Plus l'exécutif s'évertue à soutenir le report modal de la voiture vers les modes de transport collectifs, moins il récolte de recettes. « De budget en budget, nous enregistrerons une perte de recettes en cartes grises de 42 millions d'euros », calcule Sandrine Derville, vice-présidente chargée des finances. « Cette fiscalité carbonée est un non-sens politique, un non-sens budgétaire au regard de nos ambitions en faveur des transitions. »

La refonte du système de dotations est une revendication de longue date mais qui se trouve exacerbée alors que les investissements verts n'ont jamais été aussi importants. L'Etat a de son côté lancé les COP régionales, sortes de comités locaux de la transition écologique, au sein desquelles les exécutifs régionaux vont pouvoir proposer de novelles voies de financement.
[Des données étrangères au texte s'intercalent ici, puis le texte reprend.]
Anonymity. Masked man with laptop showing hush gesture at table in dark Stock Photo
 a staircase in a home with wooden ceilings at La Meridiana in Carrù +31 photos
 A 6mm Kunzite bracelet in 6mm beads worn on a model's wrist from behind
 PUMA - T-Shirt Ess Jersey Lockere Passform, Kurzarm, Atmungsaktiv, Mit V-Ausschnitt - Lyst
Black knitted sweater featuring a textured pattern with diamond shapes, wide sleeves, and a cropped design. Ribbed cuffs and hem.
Le lancement néo-aquitain a eu lieu vendredi 1er décembre à Bordeaux et les idées qui en découleront seront mises sur la table l'été prochain.

« Il y a une rénovation fiscale à mettre en route si, comme le veut le gouvernement, c'est aux régions d'articuler la transition écologique », souhaite Guillaume Riou, vice-président de la région Nouvelle-Aquitaine chargé de la feuille de route Néo Terra. « On doit inventer une fiscalité qui aujourd'hui n'existe pas. »

Jeunesse et transports au menu de 2024

Face aux contraintes, l'exécutif régional choisit de maintenir le niveau d'investissement à plus d'1,1 milliard d'euros, comme en 2023, mais en régulant les emprunts. Ceux-ci vont passer de 780 à 620 millions d'euros, soit une baisse de -17 %. La Région est contrainte de réduire la voilure puisque l'inflation pèse toujours pour 80 millions d'euros de dépenses supplémentaires par rapport au budget prévisionnel 2022 et les frais financiers, liés aux taux d'intérêts élevés, ont bondi quant à eux de 20 millions d'euros. Au total, l'épargne brute de la collectivité va diminuer de -4 %.

Deux piliers représentent la moitié du budget régional : la jeunesse (979 millions d'euros) principalement avec les crédits alloués à l'éducation, à la vie quotidienne et aux lycées, et l'aménagement du territoire (712 millions) dont près de la moitié fléchée vers les transports. Ainsi, 80 millions d'euros seront accordés aux études et travaux de régénération ferroviaire, 27 millions aux LGV reliant Bordeaux à Toulouse et Dax ou encore 19 millions au RER Métropolitain. Côté transition écologique et énergétique, la Région met une enveloppe de 550 millions d'euros après avoir voté en novembre la deuxième version de sa feuille de route Néo Terra.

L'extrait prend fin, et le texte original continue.